Requirement: Pictures must not appear in your answer. Write out exactly the lines from the one with "Used 2025 Chevrolet" through the last line of the entries below.

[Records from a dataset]
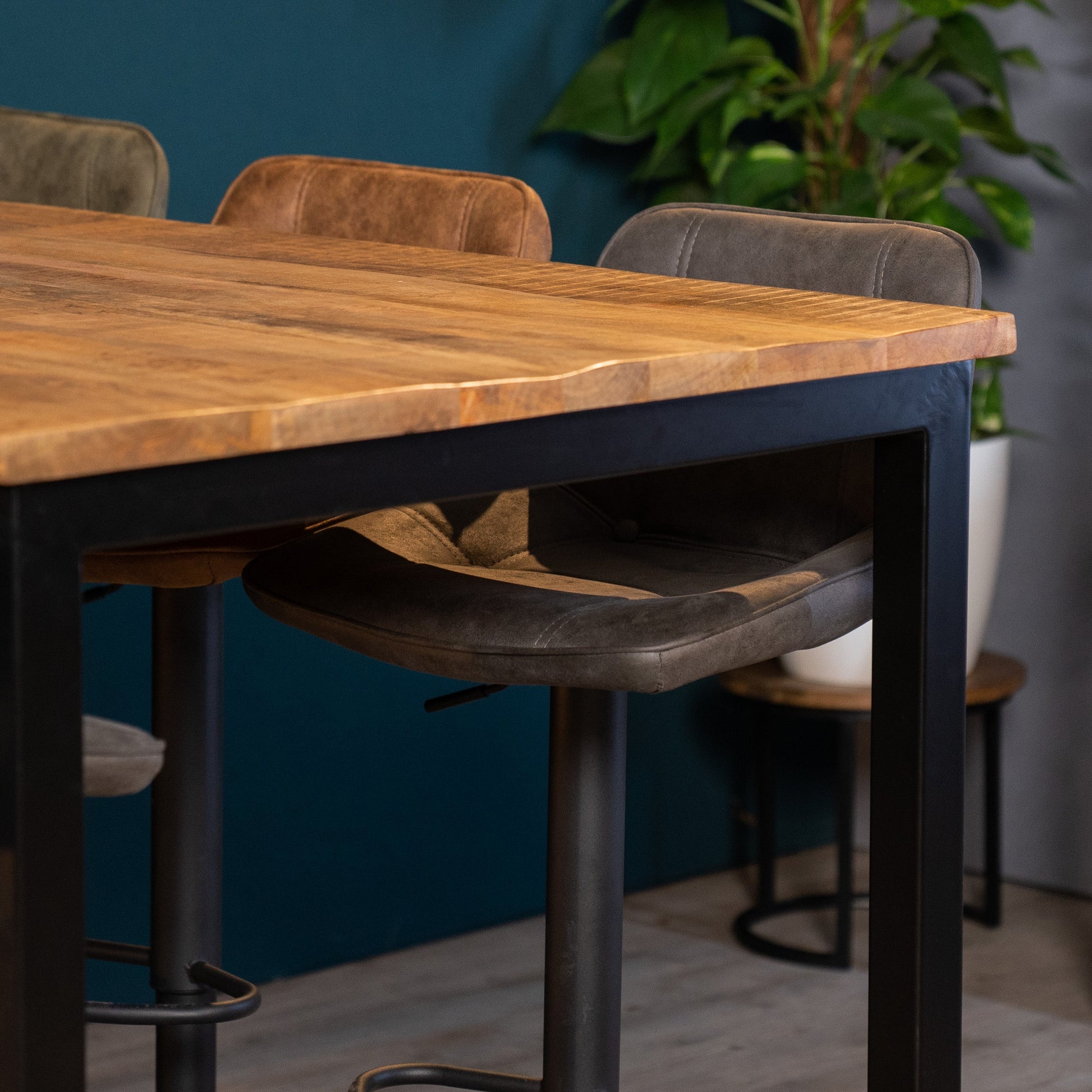 barkruk ezra aan bartafel booij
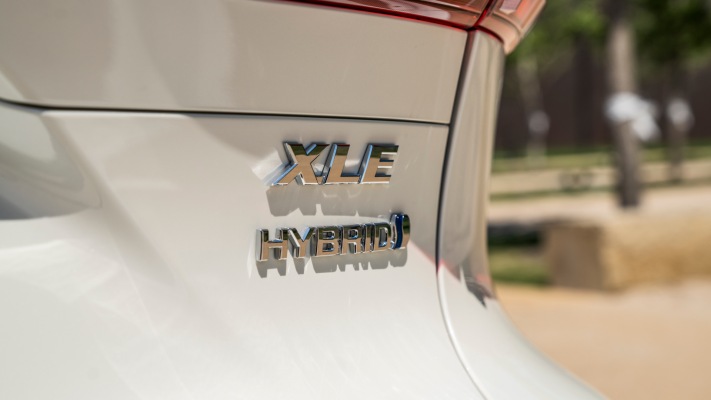 Toyota Venza XLE 2021. Desktop wallpaper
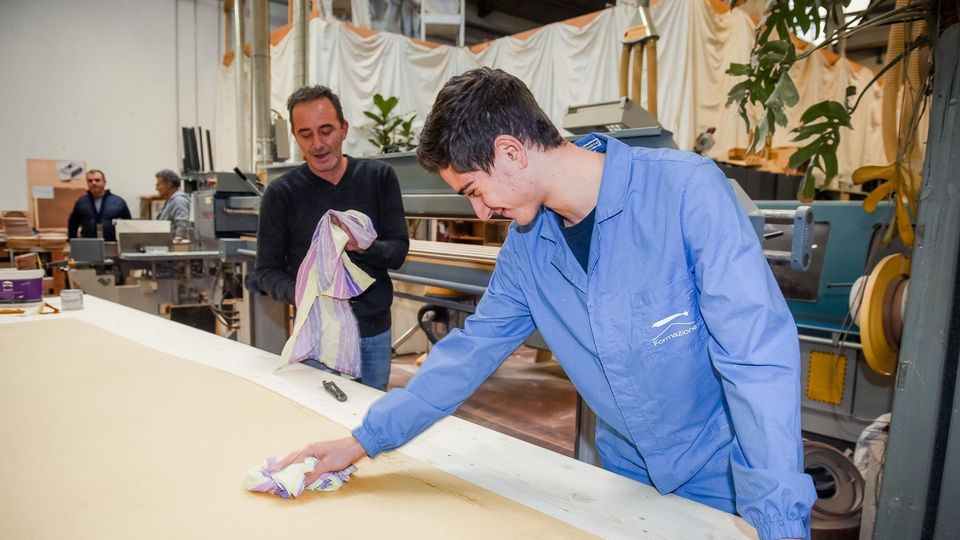 Artigiani del legno: buoni stipendi, ma sono introvabili Artigiani del legno: buoni stipendi, ma sono introvabili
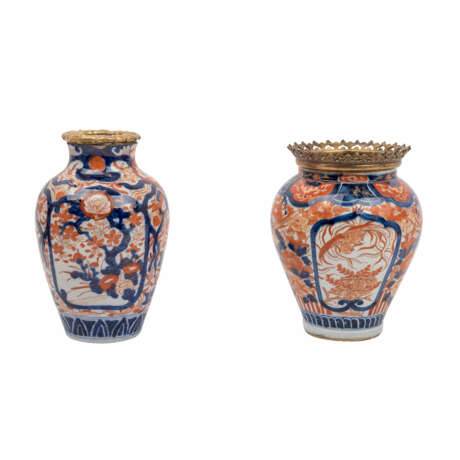 2 Imari-Vasen und 1 Imari-Cachepot mit Ormolu-Montierung, JAPAN: - фото 12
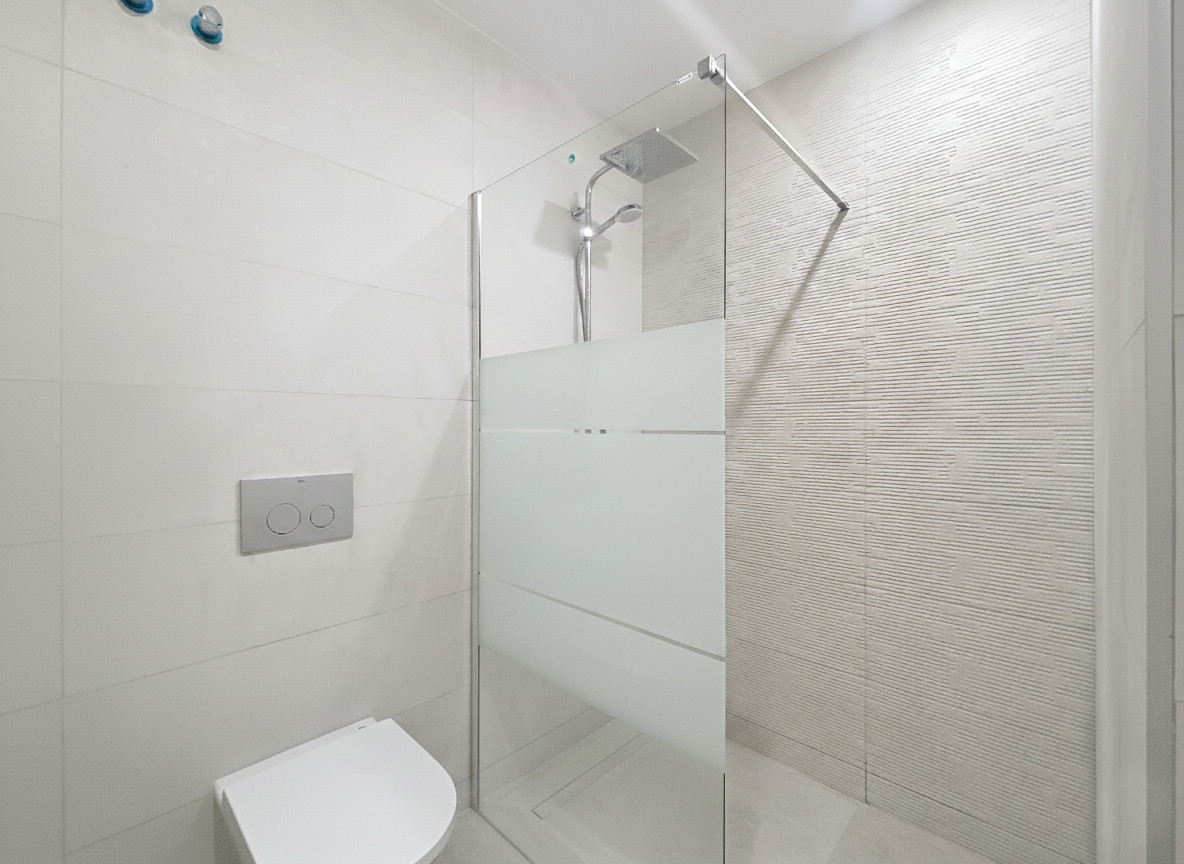 2 Bed Apartment for sale in Estepona Costa Del Sol, Málaga, Spain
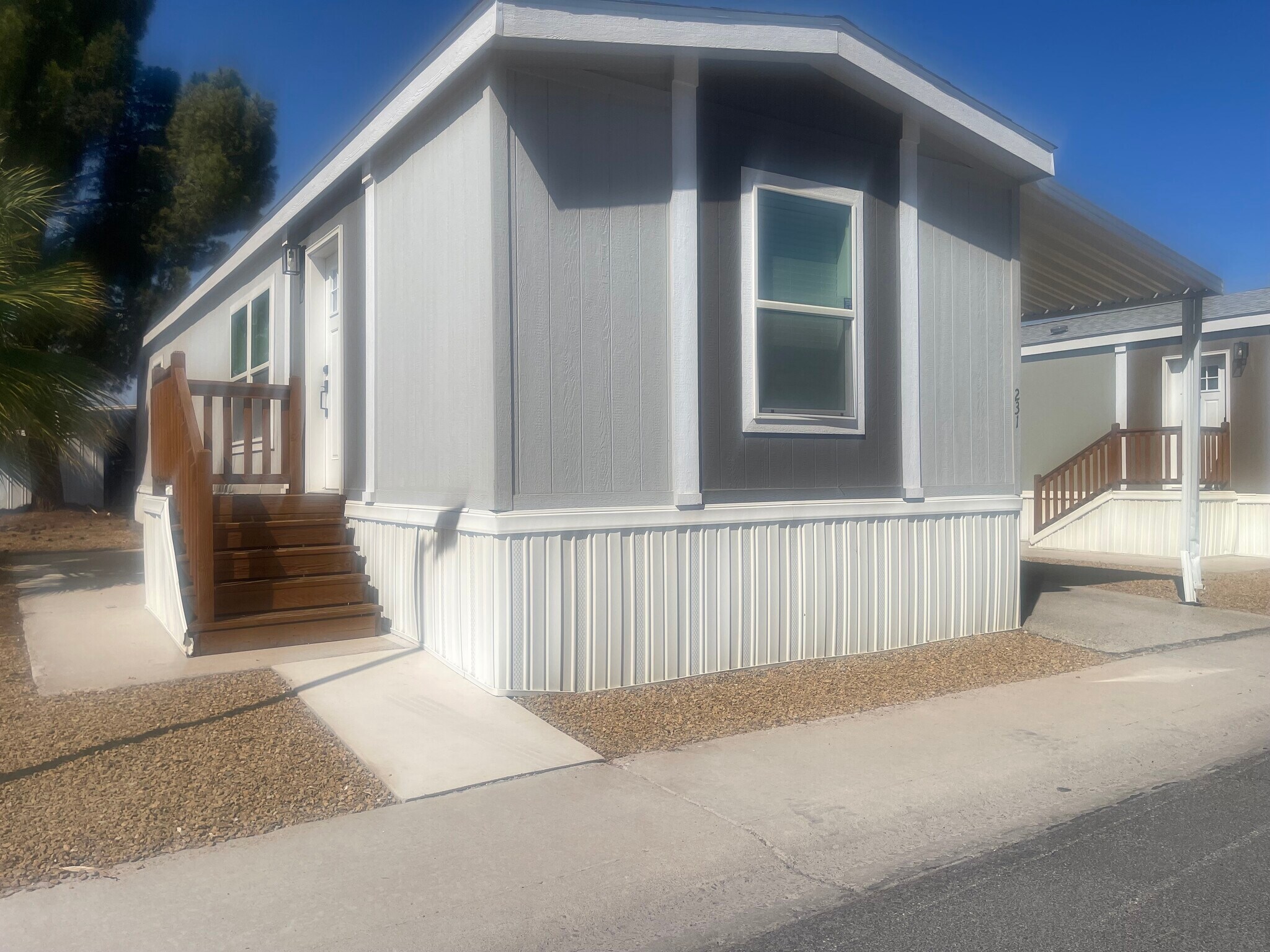 Building Photo - 2627 S Lamb Blvd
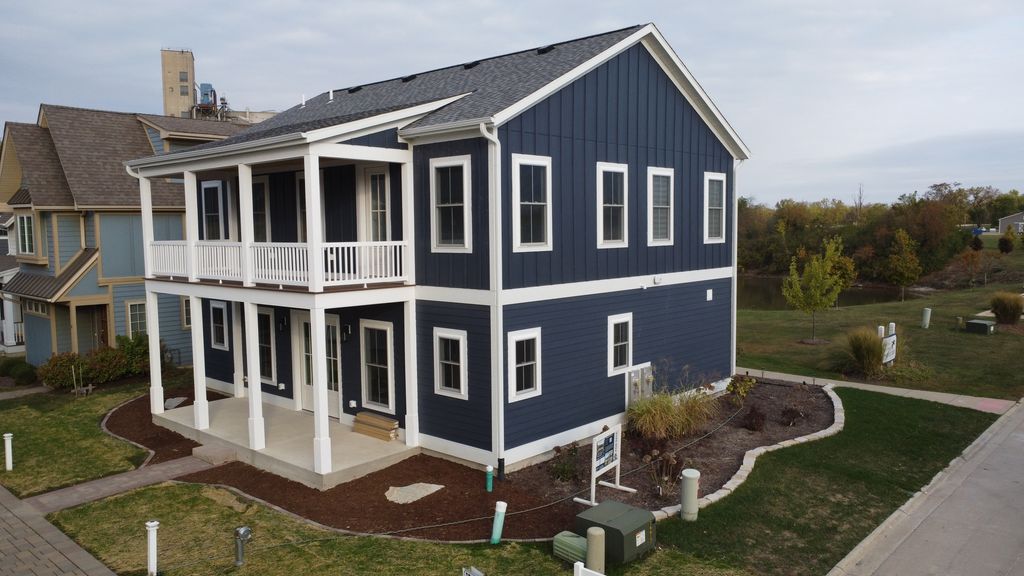 13 Great Loop West Drive, Ottawa, IL 60350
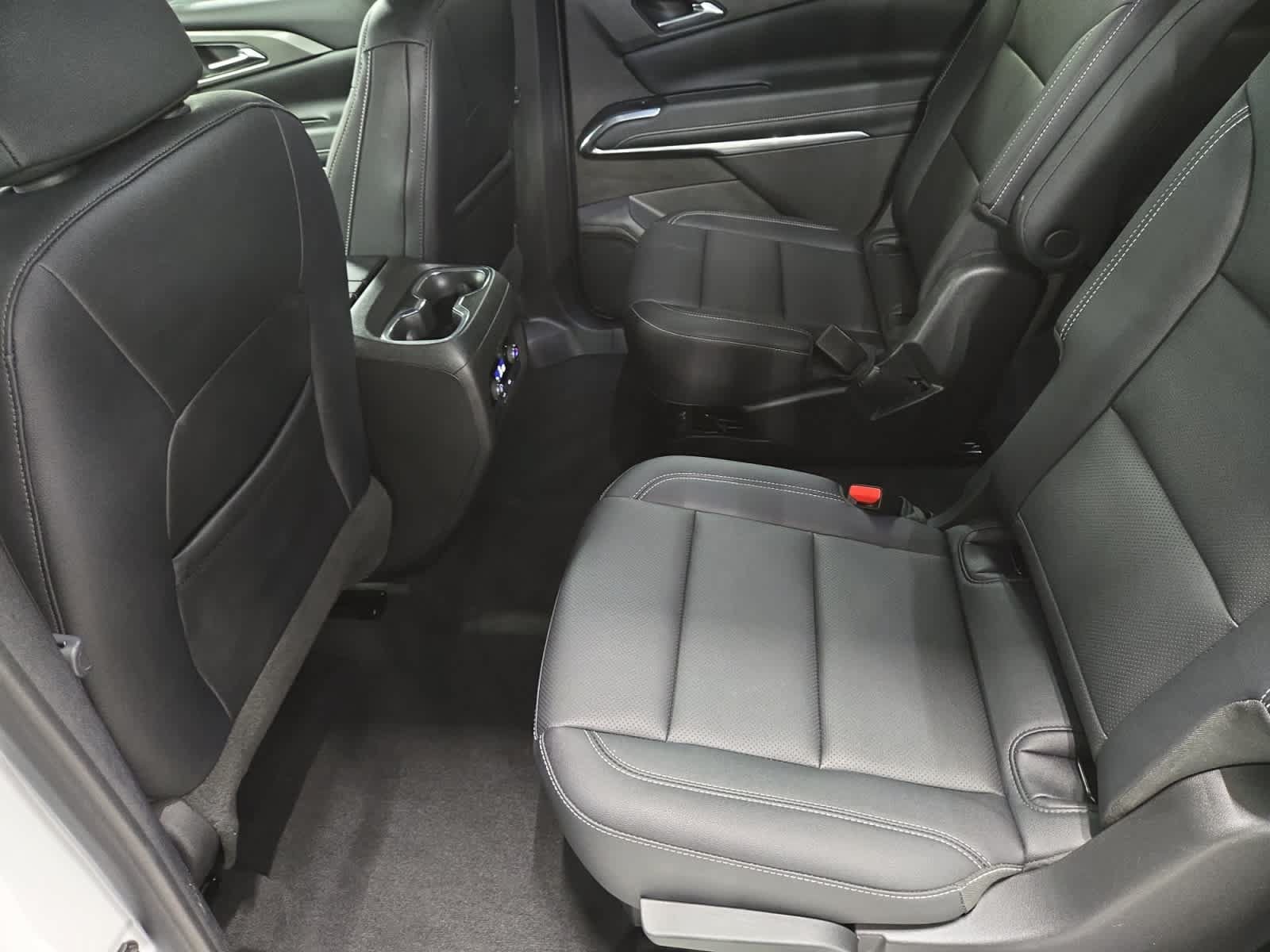 Used 2025 Chevrolet Traverse LT AWD/4WD image 24
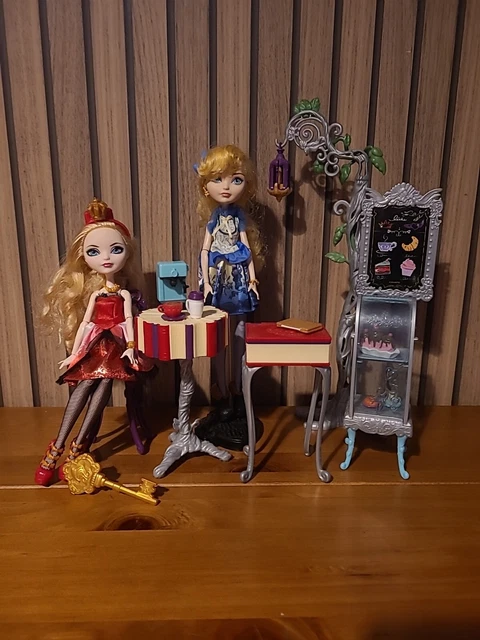 EVER AFTER HIGH BEANSTALK BAKERY with Blondielocks and Apple White doll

Task answer:
 Used 2025 Chevrolet Traverse LT AWD/4WD image 24
 EVER AFTER HIGH BEANSTALK BAKERY with Blondielocks and Apple White doll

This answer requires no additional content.